# Sup...



## Ookami (Dec 22, 2014)

Hey guys..
My name is Mario and I am 26yrs old. From Croatia, Europe.
Not training at the moment, but have some plans on going back.. for like last 4yrs 
Medium built, agile, fast and flexible. I trained Ninjutsu during high school for 4 years. Made it to 8. Kyu or 7th.. Not that sure now. Did not train anything else and Ninjutsu was my first serious martial art. Loved every aspect of it. The philosophy, technicality, training and many more. 
Also love cars, knives, weapons, what else... Oh yeah.. Games. No consoles, only PC. Currently playing Civilization IV.

Reason I joined was to get some additional info on, basically, random stuff about training and different arts. Of course if someone else trained Ninjutsu to get some hints&tips for all kinds of stuff.
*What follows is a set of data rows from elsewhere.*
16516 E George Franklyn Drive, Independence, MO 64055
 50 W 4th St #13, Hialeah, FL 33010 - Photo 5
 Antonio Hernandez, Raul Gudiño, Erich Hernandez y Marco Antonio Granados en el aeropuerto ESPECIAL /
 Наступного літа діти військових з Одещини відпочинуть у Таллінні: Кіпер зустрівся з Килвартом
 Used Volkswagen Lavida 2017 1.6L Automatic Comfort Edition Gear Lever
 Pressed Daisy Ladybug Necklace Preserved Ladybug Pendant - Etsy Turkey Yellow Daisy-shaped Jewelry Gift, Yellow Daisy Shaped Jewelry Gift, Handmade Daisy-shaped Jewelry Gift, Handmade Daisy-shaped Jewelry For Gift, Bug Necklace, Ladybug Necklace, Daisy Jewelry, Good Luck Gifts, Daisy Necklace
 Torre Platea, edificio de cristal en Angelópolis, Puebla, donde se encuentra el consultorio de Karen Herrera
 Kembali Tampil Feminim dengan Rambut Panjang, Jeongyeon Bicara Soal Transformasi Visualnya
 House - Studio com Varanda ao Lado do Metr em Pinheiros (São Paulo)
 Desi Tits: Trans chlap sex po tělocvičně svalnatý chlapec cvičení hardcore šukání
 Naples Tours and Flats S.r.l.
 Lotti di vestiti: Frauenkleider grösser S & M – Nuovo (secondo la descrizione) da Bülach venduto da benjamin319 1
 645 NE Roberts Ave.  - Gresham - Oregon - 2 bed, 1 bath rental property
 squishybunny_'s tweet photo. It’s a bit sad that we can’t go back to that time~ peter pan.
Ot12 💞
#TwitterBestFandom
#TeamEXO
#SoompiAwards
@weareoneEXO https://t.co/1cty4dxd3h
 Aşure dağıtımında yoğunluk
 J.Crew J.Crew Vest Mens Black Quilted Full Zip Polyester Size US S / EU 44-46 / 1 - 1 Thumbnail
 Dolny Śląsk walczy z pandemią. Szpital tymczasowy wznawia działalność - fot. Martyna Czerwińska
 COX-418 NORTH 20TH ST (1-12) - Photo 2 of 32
I guess that's it and hope to have a good relation with you guys. If there is anything you wanna know the best way is - to ask


----------



## Dirty Dog (Dec 22, 2014)

Welcome to MartialTalk. There is a sub-forum devoted to Ninjutsu and some very highly trained practitioners here.


----------



## Cirdan (Dec 22, 2014)

Welcome to MT Ookami, happy posting 

I am a bit of a PC game addict too, thankfully I`ve managed to stay away from the latest Wow expansion


----------



## Transk53 (Dec 22, 2014)

Welcome along


----------



## Shai Hulud (Dec 22, 2014)

Welcome to MT!

Ninjutsu is a very interesting art. I used to have a fantasy about taking classes while juggling it with Parkour/Freerunning classes. lol

Cheers,
Ally


----------



## Tony Dismukes (Dec 22, 2014)

Welcome to Martial Talk! I hope you find your way back to training soon. We've got plenty of knowledgeable people here if you have questions.


----------



## K-man (Dec 22, 2014)

Welcome to MT.


----------



## Ookami (Dec 23, 2014)

thx guys and girl(s)..
Will do 
gonna go lurk some more hehe

EDIT: oh yeah.. I forgot to mention... when trained I was training under Dean Rostohar. No motives here, just wanted to mention cause maybe some of you worked/trained with him.


----------



## Buka (Dec 23, 2014)

Welcome aboard, bro. Hope you get back to training soon.


----------



## arnisador (Dec 23, 2014)

Welcome!


----------



## Transk53 (Dec 23, 2014)

Ookami said:


> thx guys and girl(s)..
> Will do
> gonna go lurk some more hehe
> 
> EDIT: oh yeah.. I forgot to mention... when trained I was training under Dean Rostohar. No motives here, just wanted to mention cause maybe some of you worked/trained with him.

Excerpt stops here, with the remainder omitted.